In the hall, 11 large tables were marked out with the names of each of August and Catherine's children.

They had 13 children, though only 11 survived.

Eldest relative and one of the four original Giesemann grandchildren Muriel Jamieson, 99, said she loved reconnecting with her family again.

"It's so nice seeing my first cousins again too, there's not many of us left,” she said.

"My grandfather August had passed when I was born and I was only two when my grandmother died.

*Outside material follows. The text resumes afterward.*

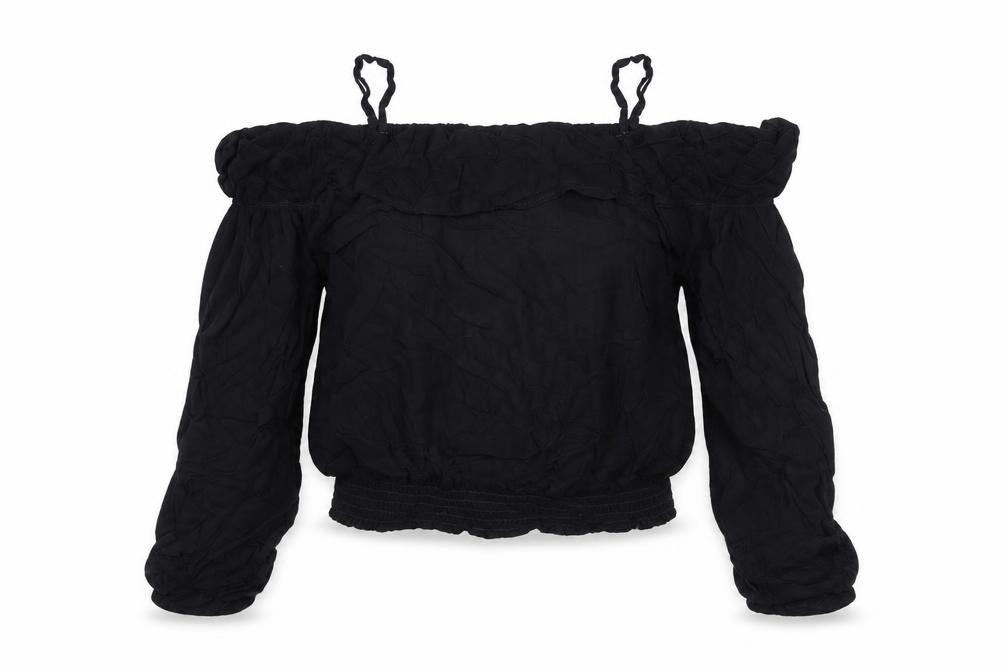 Front view of H&M girls’ black basic blouse, size 11, years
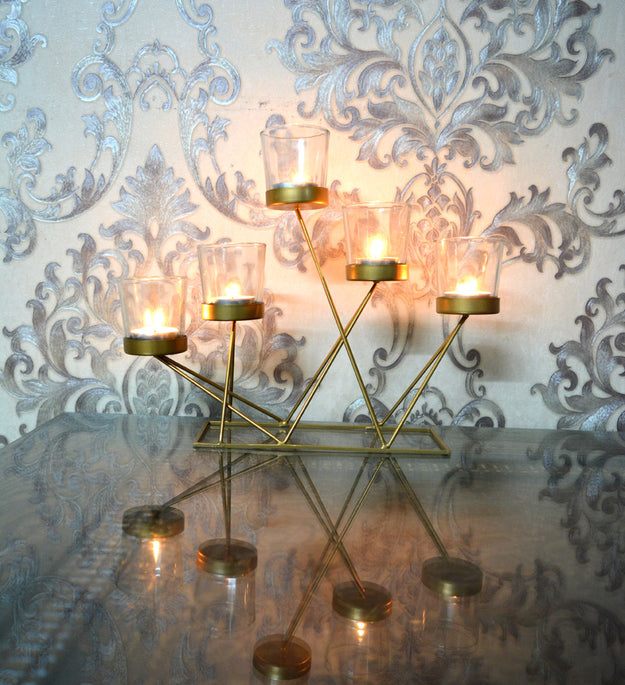 LocalLane Geometric Metal Tea-Light Holder with Glass Holders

But Mother talked about them so much, especially about her mum (Catherine).

"What they did for Laidley has been inspiring.”

Between 1885 and 1913, Catherine Giesemann bought many properties in her own name including all the land in Patrick St from William St to the post office stretching to the west including the site of the Laidley Bowls Club.

August Giesemann bought the Queensland National Hotel land in 1882 and built the Bridge Hotel which he sold in 1889.

It was then destroyed by fire in 1890 and replaced by the QN.

He also owned many other properties in Laidley and farms in Forest Hill.

This year also marks the 100th anniversary of August Giesemann's death, and a memorial to the family founders stands in Laidley Cemetery.